Quando Chico Buarque e Rammstein se encontraram

Comecei a curtir Rammstein muito antes de começar a aprender alemão. Na verdade, o que mais me motivou a procurar um curso de língua alemã foi justamente esse contato com a língua de Brecht, Kafka, Goethe. Mesmo gostando muito da banda, na terça-feira passada (30/11), abri mão da oportunidade de assistir à segunda apresentação dos caras aqui no Brasil, a turnê de Liebe ist für alle da (2009), não pelo preço do ingresso (consideráveis R$ 200 pelo mais barato!), mas por uma espécie de oclofobia (tenho mesmo é medo de ser pisoteado, devido à minha altura…!).

Mas me fartei de escutar o LIFAD, o mais recente álbum da banda. E futricando pela net, descobri que a quarta faixa desse álbum, Haifisch, intertextualiza com uma das canções do musical Die Dreigroschenoper (1928), Die Moritat von Mackie Messer, o que, imediatamente, me lembrou Chico Buarque. Chico Buarque? Sim, o bom e velho Chico: a primeira e a última canções da Ópera do Malandro, de 1979, são uma versão em português da canção em alemão.

Die Dreigroschenoper é um musical composto pelos alemães Bertolt Brecht, poeta, diretor e dramaturgo, e Kurt Weill, compositor. Em tradução livre para o português, o título traduz-se algo como A Ópera de Três Vinténs, “planejada de forma tão pomposa, como só um mendigo poderia sonhar, e porque ela deveria ser tão barata, que até os mendigos possam pagar”, numa clara crítica ao mundo capitalismo. Inspirada na ópera de balada de John Gay The Beggar’s Opera (1728), Die Dreigroschenoper narra o desfecho trágico de um notório criminoso – MacHeath, popularmente conhecido como Macki Messer – da Londres vitoriana, cujos atos se emaranham com as atividades ilícitas da polícia e de banqueiros. Há adaptações para o cinema e, mais recententemente, para a televisão (2004).

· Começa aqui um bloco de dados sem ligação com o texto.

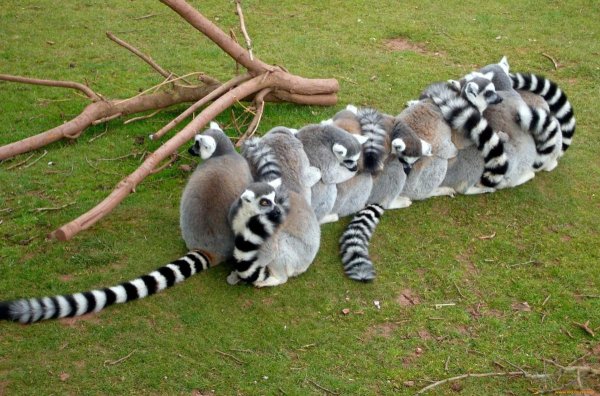 кольцехвостый лемур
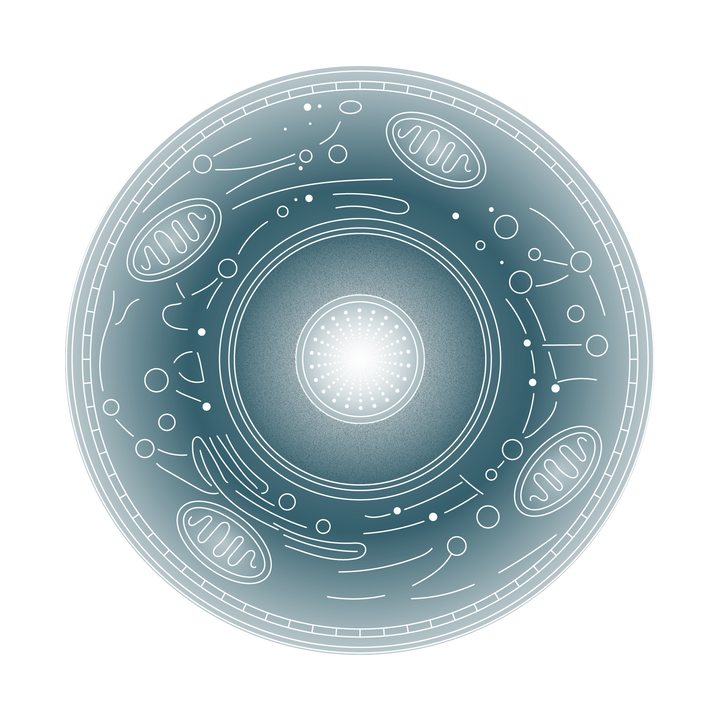 Representación visual de una célula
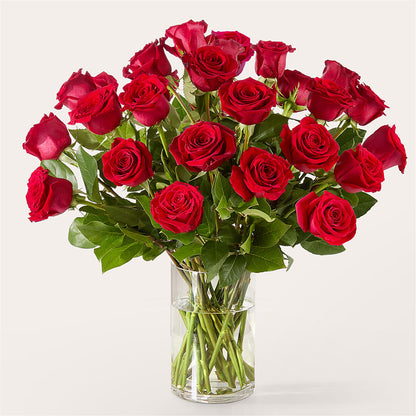 The One Red Rose Bouquet –  Still Blooming, Santa Fe TX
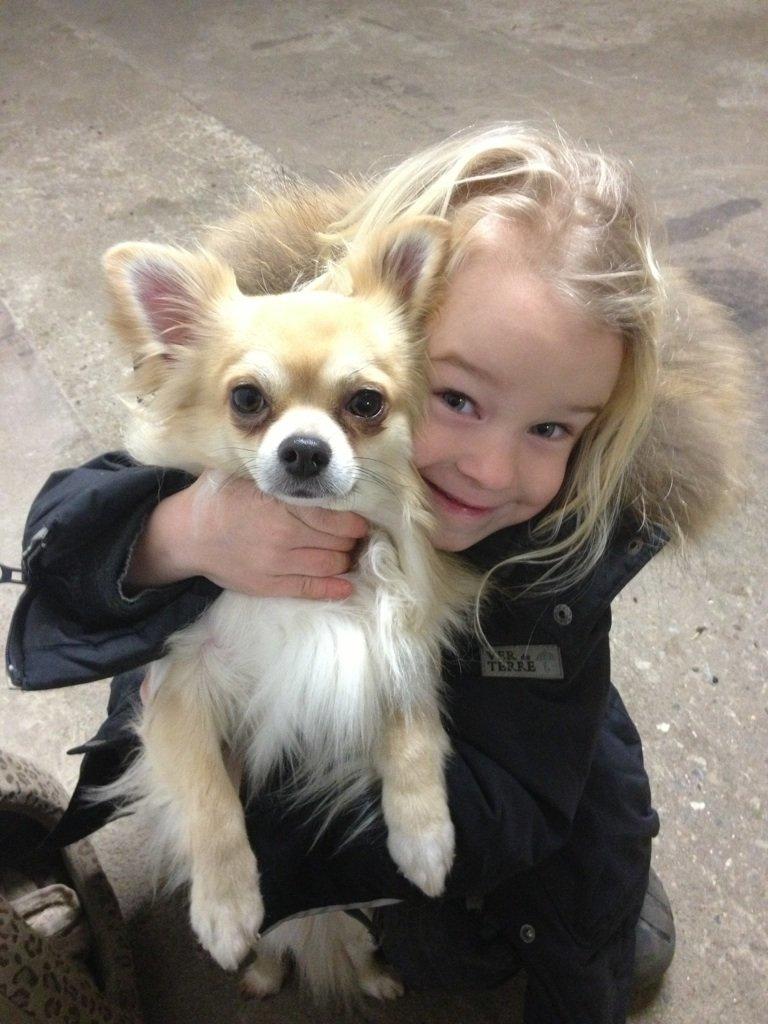 Chihuahua "Big" Mac billede 5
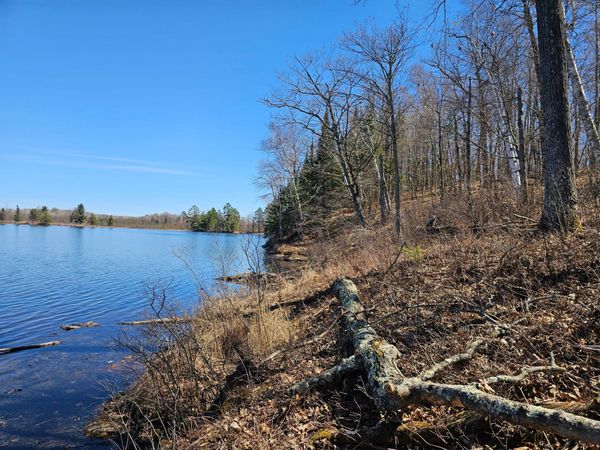 TBD Tract B Swanson Road , Deerwood, MN 56444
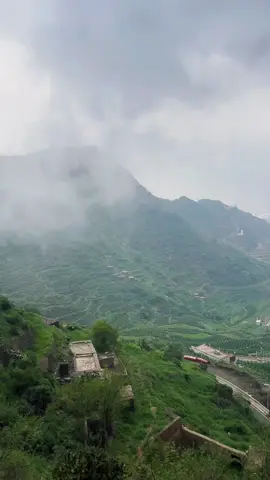 مزارع البن الخولاني السعودي التابعه للشركة السعودية للقهوة في جبل طلان محافظة الداير بني مالك☕️ #اكسبلورexplorepage #الداير_بني_مالك #قهوه #coffee 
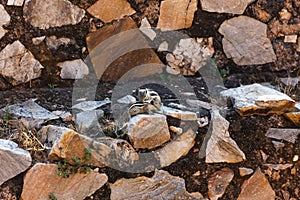 Two chipmunks are playing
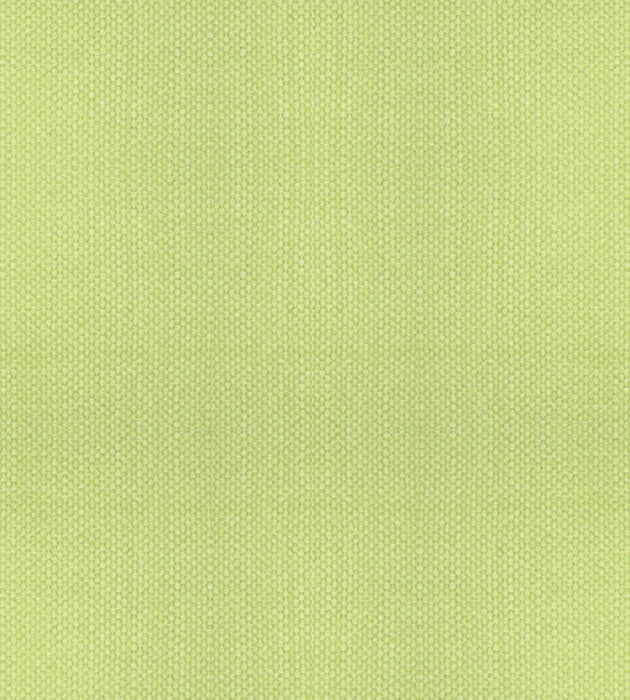 Alhambra Aspen Brushed Wide Mimosa Fabric B8 00051100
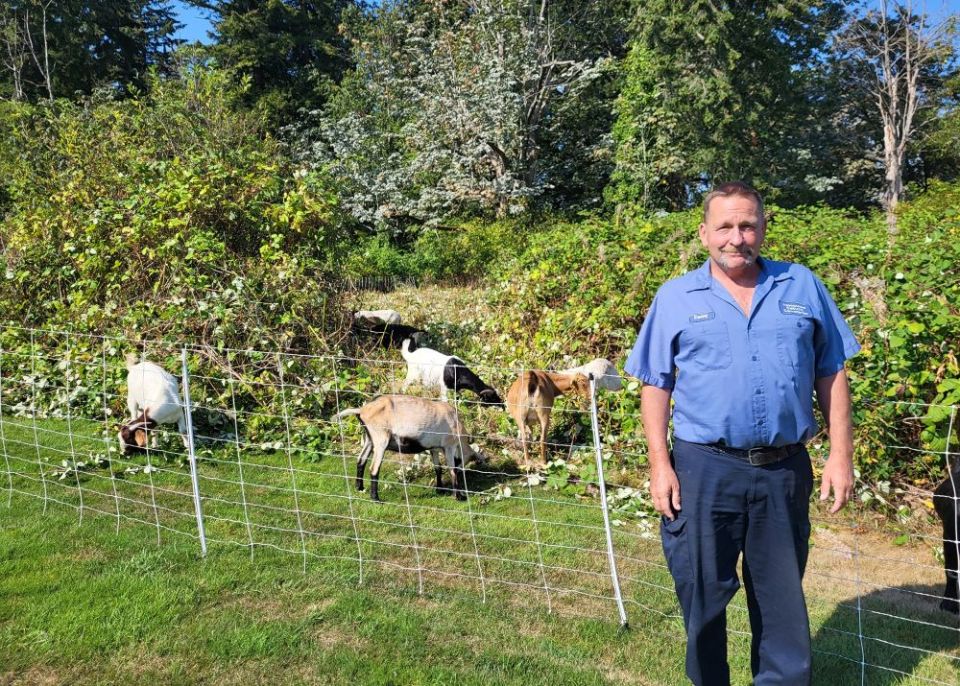 Dan Britton, grounds foreman at Holyrood Cemetery in Shoreline, Wash., is seen with a few of the goats that are busy clearing blackberry vines in an undeveloped area of the 88-acre cemetery. (CNS/Courtesy Holyrood Cemetery via Northwest Catholic )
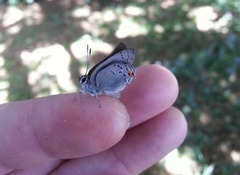 Satyrium californica
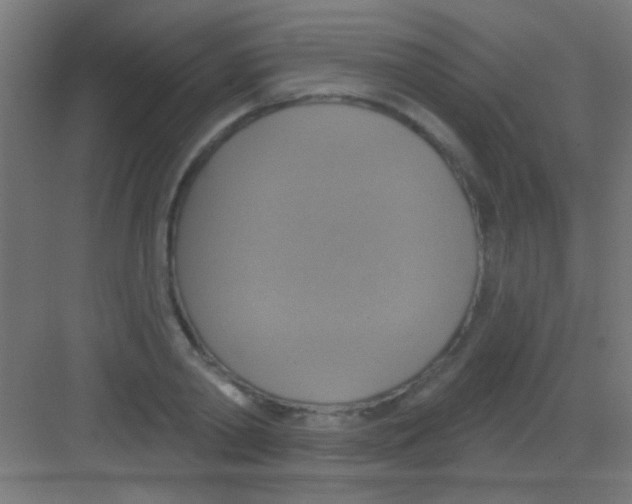 X0000081380790200702090011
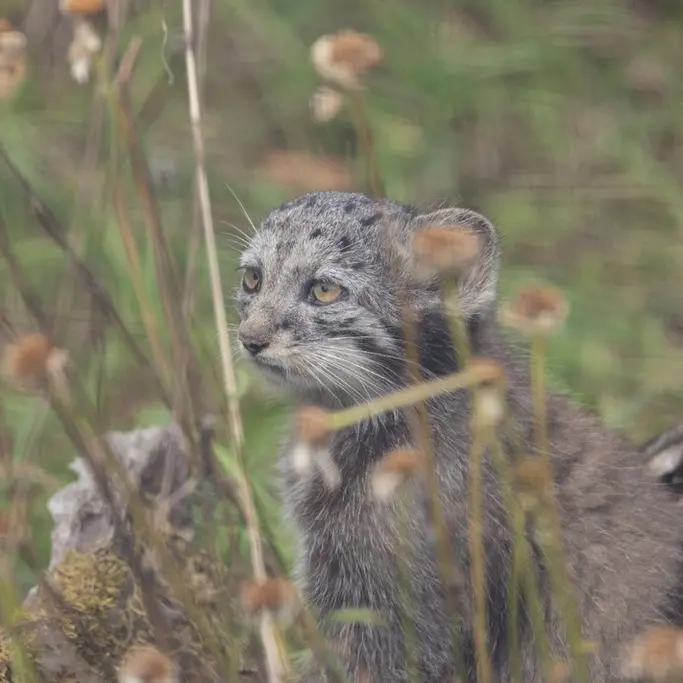 A photograph of a Pallas's cat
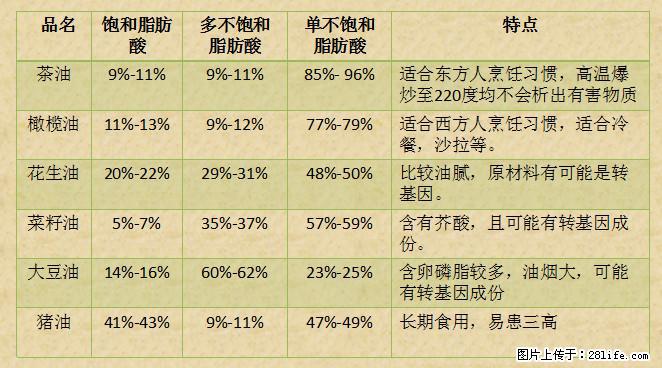 揭秘茶油的5大核心营养成分！被称为人体健康的“守护盾”！ - 盐城生活资讯 - 盐城28生活网 yancheng.28life.net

A canção de abertura do musical de Bertolt e Weill, Die Moritat von Mackie Messer, fez estrondoso sucesso e já rendeu mais de 30 versões (e outras tantas referências), desde a primeira execução da ópera, entre elas a de Chico Buarque, para o musical Ópera do Malandro – posteriormente também ganhou adaptação para o cinema (1985), que narra a história de Max Overseas e seu envolvimento com atividades ilícitas.

Haifisch não é exatamente uma nova versão de Die Moritat, mas sugere intertextualidades. O título traduz-se por tubarão em português, peixe com o qual MacHeath é comparado – enquanto o tubarão mostra os dentes (Zähne) na cara, a faca (Messer) de MacHeath ninguém vê:

Und der Haifisch, der hat Zähne
Und die trägt er im Gesicht
Und MacHeath, der hat ein Messer
Doch das Messer sieht man nicht

Diferentemente, o texto de Rammstein não se refere diretamente a algum criminoso e, no contexto geral do álbum – o amor é para todos aí – parece apontar para a velha fórmula “os brutos também amam”:

Und der Haifisch, der hat Tränen
Und die laufen vom Gesicht
Doch der Haifisch lebt im Wasser
so die Tränen sieht man nicht

Tubarões também amam. E choram, mas suas lágrimas  (Tränen) não são vistas, porque vive de baixo d’água – e suas lágrimas é que salgam o mar:

Und so kommt es dass das Wasser
in den Meeren salzig ist

Além do mais, ambos os textos mantêm versos heptassílabos como padrão métrico.

Assim, não é à toa que em minha biblioteca de música Chico Buarque e Rammstein cantam sempre no mesmo palco. Um artista que se preocupa em conferir sentido ao que produz merece ser ouvido, visto, sentido etc. etc.